Pendue à Durham en 1873 pour avoir "éliminé" à l'arsenic en vingt ans 21 victimes, la plupart parents, enfants et proches de ses trois maris successifs.
 
Son enfance et son adolescence
 
Son père, Mickaël, était un homme très religieux et a été très actif dans la chorale de l’église méthodiste. Il travaillait dans les mines, et avait tout juste de quoi nourrir sa famille.
Il s’est marié très jeune avec la mère de Mary Ann, (ils avaient tous deux moins de 20 ans à leur mariage).
 
Elle avait un frère cadet , Robert.
 
Son père était très dur quant au respect de la discipline et Mary Ann COTTON comme son frère craignait la violence de leur père.
 
A l’âge de 8 ans, elle déménage avec ses parents et s’installe dans la ville de MURTON. Elle eut beaucoup de mal à se faire de nouveaux amis dans l’école de cette petite ville.
 
A l’âge de 9 ans, elle perd son père brutalement décédé dans un accident de mines.
 
Elle vécut alors la peur d’être soit séparée de sa mère (la situation de veuve dans l’Angleterre du 19ème siècle était en effet très difficile pour la classe populaire) soit mise avec sa famille dans un « workhouse » .Elle en fit de très nombreux cauchemars.
 
A l’âge de 14 ans, elle assiste au remariage de sa mère. Elle ne s’entendra pas du tout avec son beau père qui le lui rend bien.
 
Elle cherche alors un moyen de quitter le domicile familial rapidement.

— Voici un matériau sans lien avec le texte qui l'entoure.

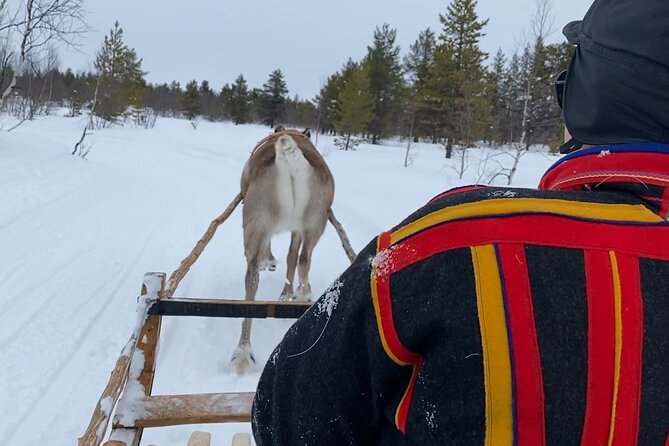 Full-Day Reindeer Tour with Pickup in Kiruna - Key Points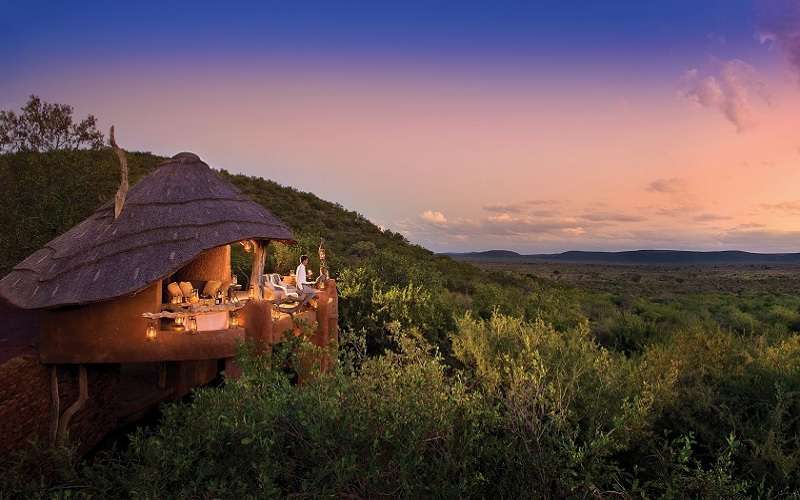 Madikwe Safari Lodge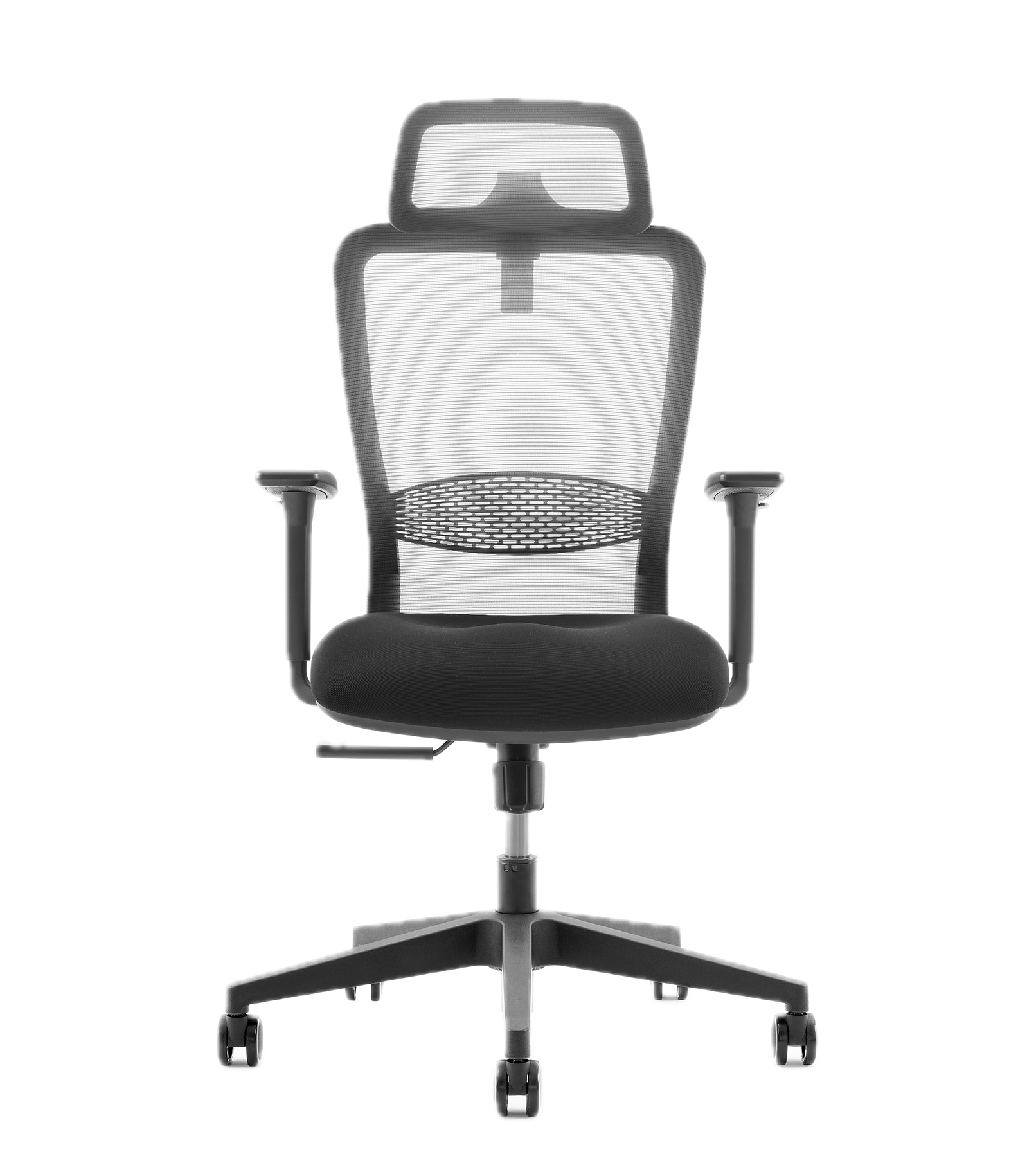 Ergolite Chair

A l’âge de 16 ans, elle devient Nurse et s’installe dans la maison des Potter dans un village au sud d’Hetton.
 
Elle y reste 3 ans et revient s’installer dans la maison de sa mère et effectue le métier de couturière. C’est à cette époque qu’elle rencontra William Mowbray.
 
Son parcours meurtrier
 
1852 : A 20 ans , elle se marie avec lui. Ils s’installent dans la ville de Plimouth (Devon). Le couple a 6 enfants.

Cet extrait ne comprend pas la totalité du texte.